The NYT had a piece on how Mexico’s economy remains weak and the government is again plagued by corruption. At one point it comments that:

“Growth has been slower under Mr. Peña Nieto’s presidency than the annual 2.3 percent average in the two decades before he took office.”

It is worth noting that a 2.3 percent growth rate is extremely weak for a developing country. It means that Mexico was actually falling further behind the United States even before the slowdown under President Nieto. Furthermore, as the article points out, it appears that workers are seeing little or no benefit from even this limited growth, as wages remain quite low.

Last year marked the twentieth anniversary of the implementation of NAFTA. At the time there was much celebration in the media and among economists anxious to pronounce the deal a huge success.

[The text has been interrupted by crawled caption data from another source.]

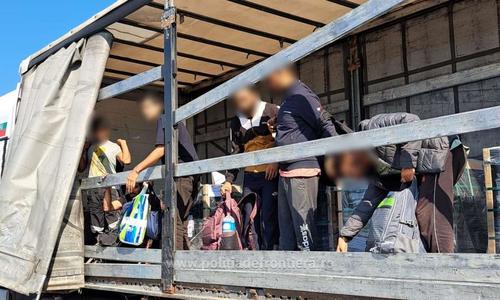 Arad: 24 de migranţi, depistaţi când încercau să iasă din ţară ascunşi în TIR-uri, printre piese, bare metalice şi acumulatori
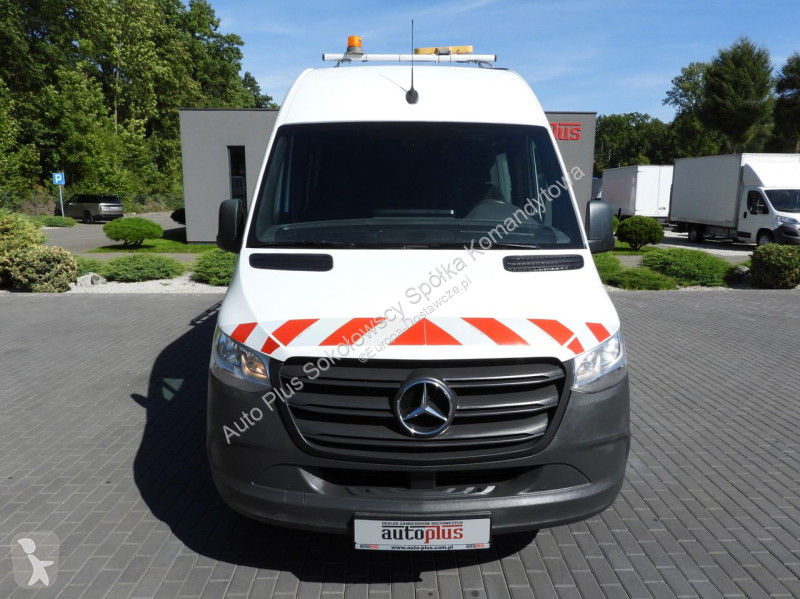 Коммерческий автомобиль Mercedes 316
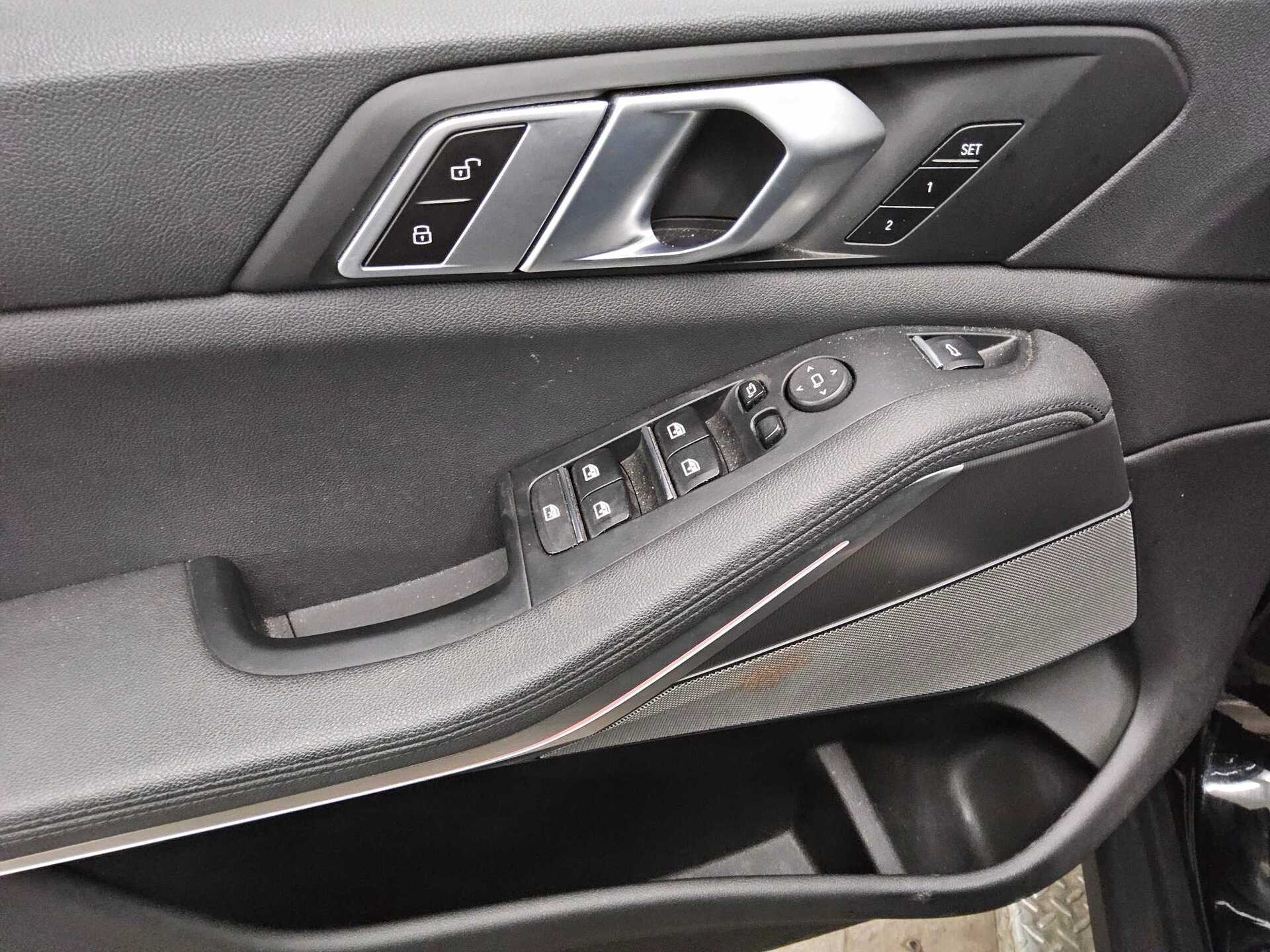 BMW X5 xDrive25d Leder Navi LED LC prof. H-K AHK 10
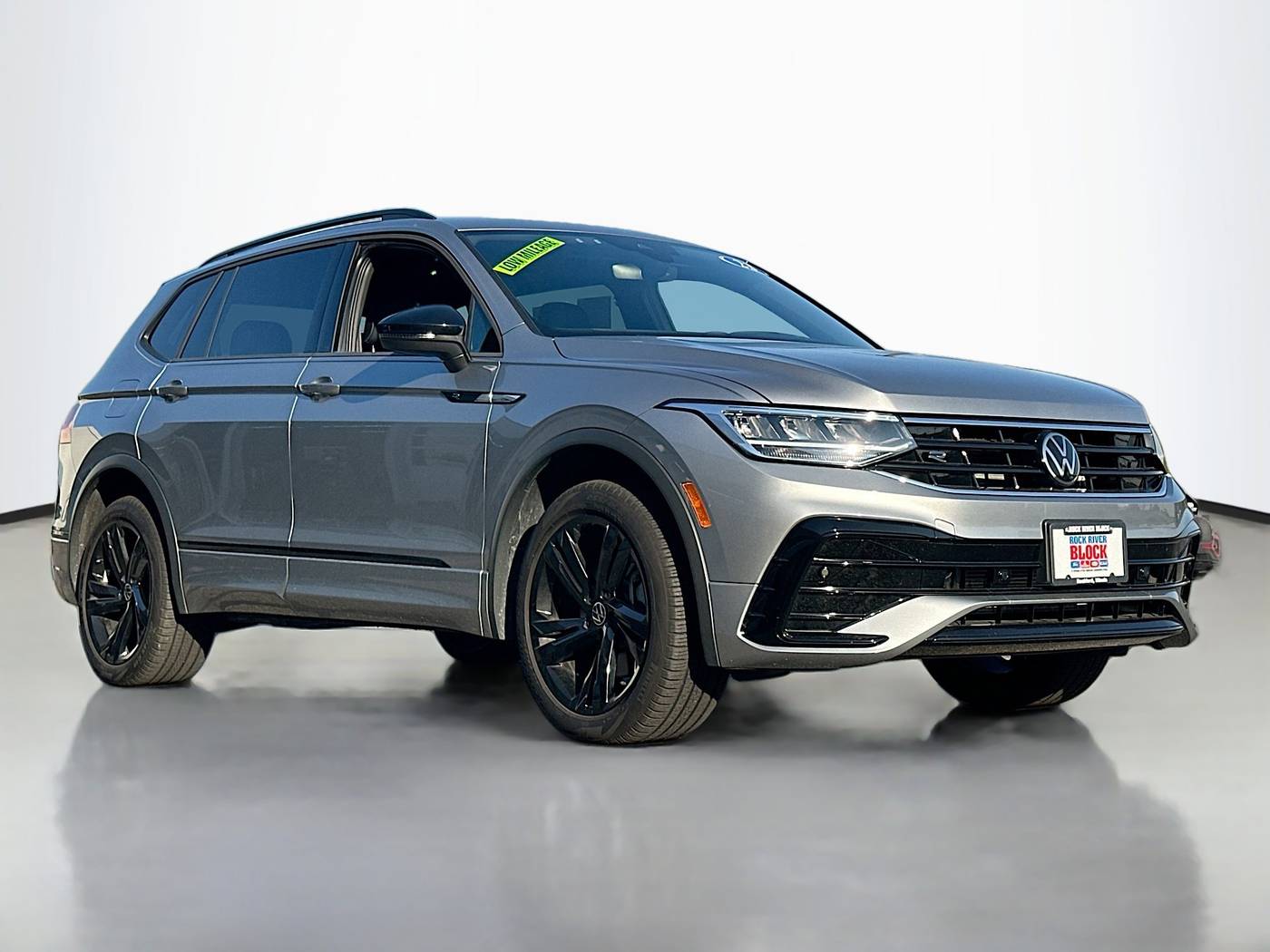 2023 Volkswagen Tiguan SE R-Line Black — SUV — 17,109 mi — Rockford, IL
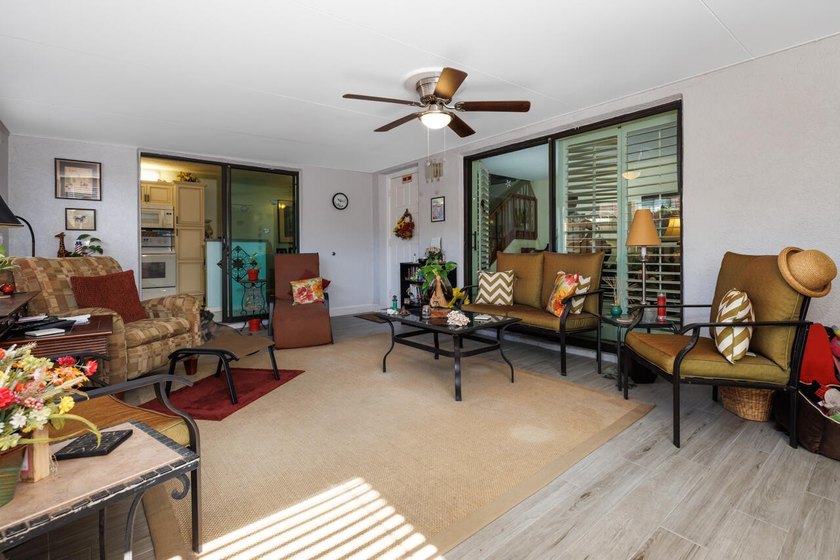 Tired of Renting? Check out this Beautifully redone townhouse - photo 12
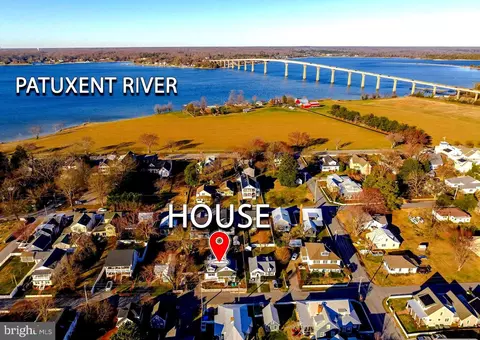 14321 Calvert St, Solomons, MD 20688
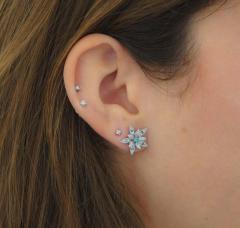 14K White Gold Flower Motif Blue and White Diamond Stud Earrings - 3512999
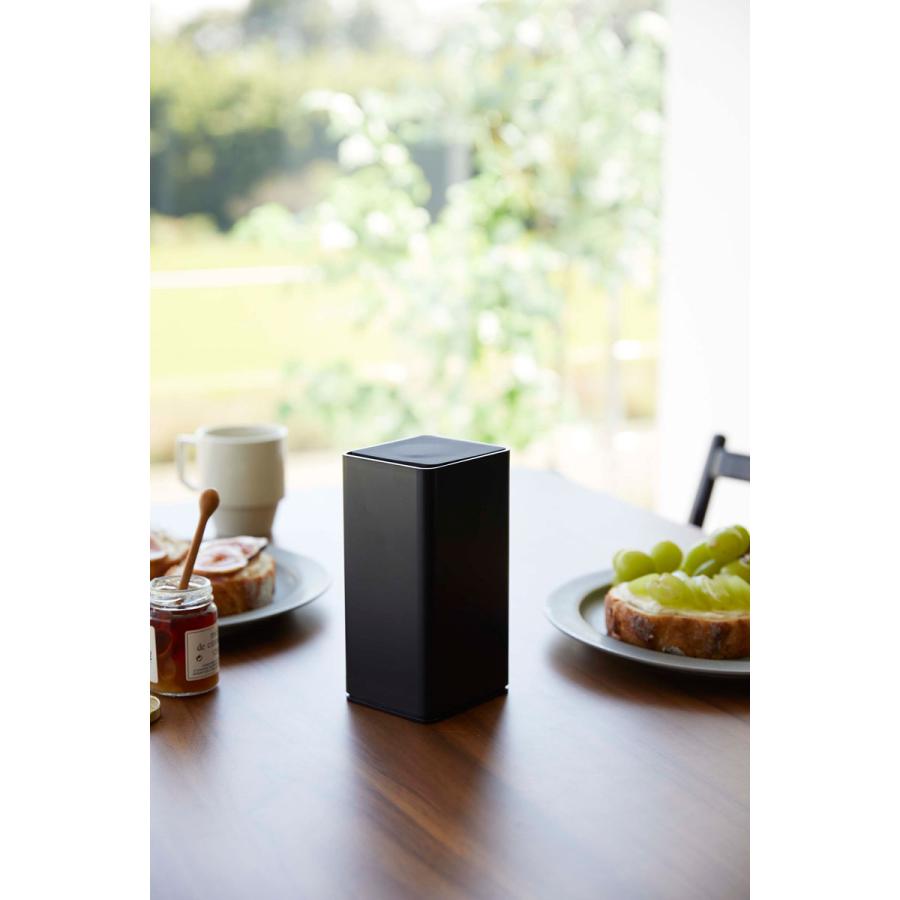 ウェットティッシュケース 山崎実業 正規品 TOWER タワー ロール型ウェットティッシュケース ウエットシートケース ロールウェットティッシュケース ブラック | tower | 02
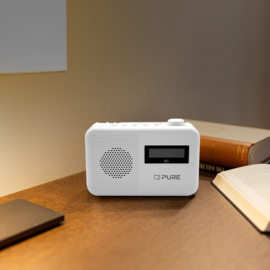 Pure Elan One2 eenvoudige DAB+ en FM portable radio met Bluetooth, wit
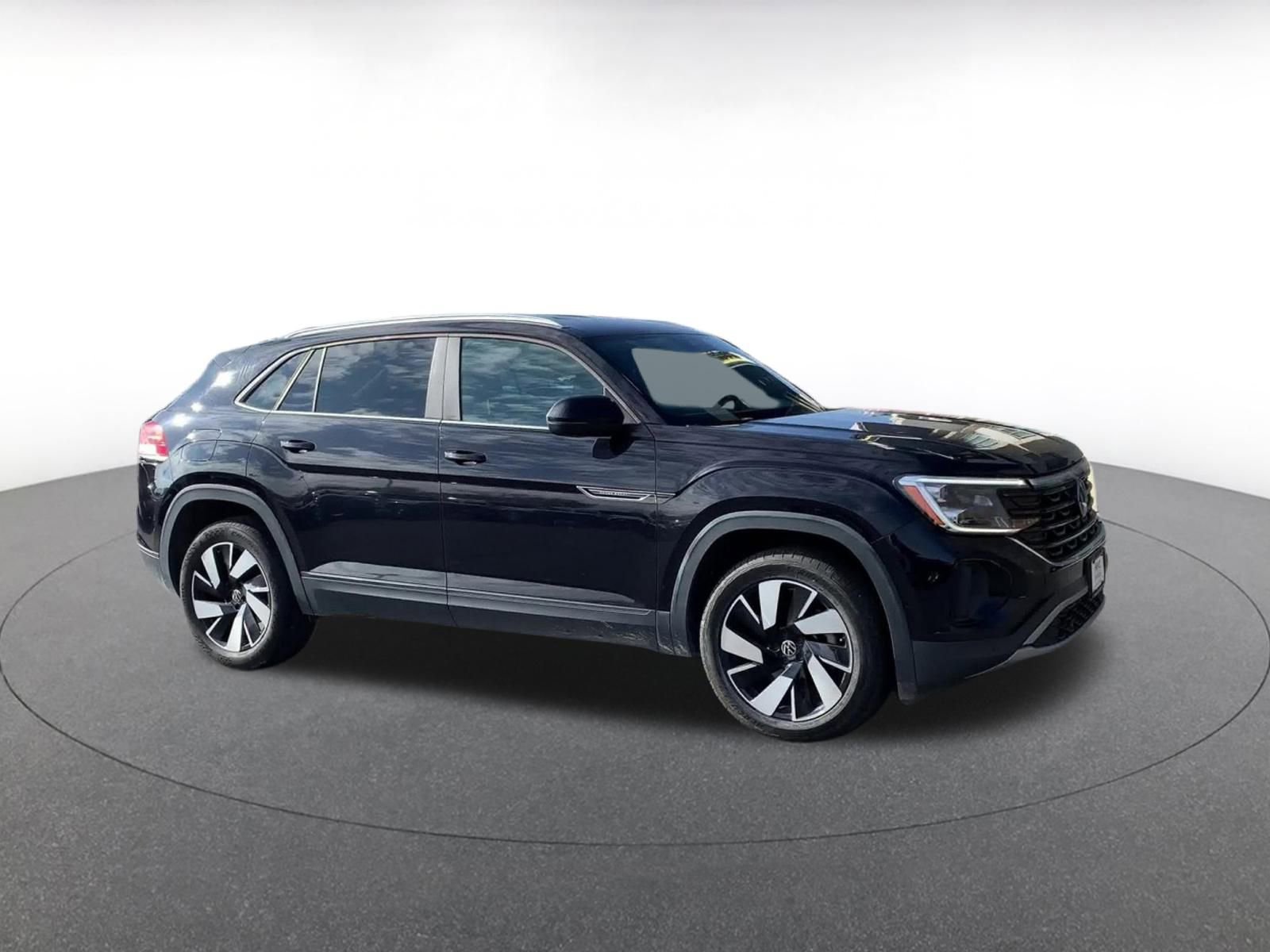 Used 2025 Volkswagen Atlas Cross Sport SE image 2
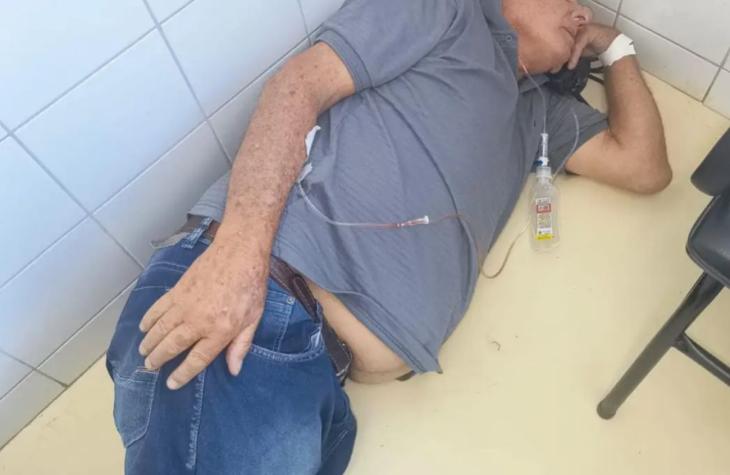 Idoso doente espera no chão após falta de atendimento no PA SUL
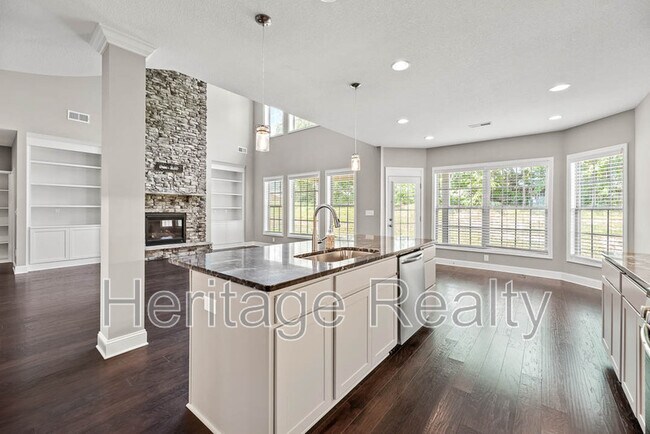 Building Photo - 925 Brookwood Ln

While it is always possible that Mexico’s economy would have performed even worse without NAFTA, its actual record is not much to boast about.

It is worth singling out the Washington Post in this context which periodically celebrates the rise of the middle class in Mexico in the post-NAFTA era. The Post famously invented numbers to make its pro-NAFTA case, telling readers back in 2007 that Mexico’s GDP had quadrupled since 1987. The actual increase was 83 percent. It has never bothered to correct this one.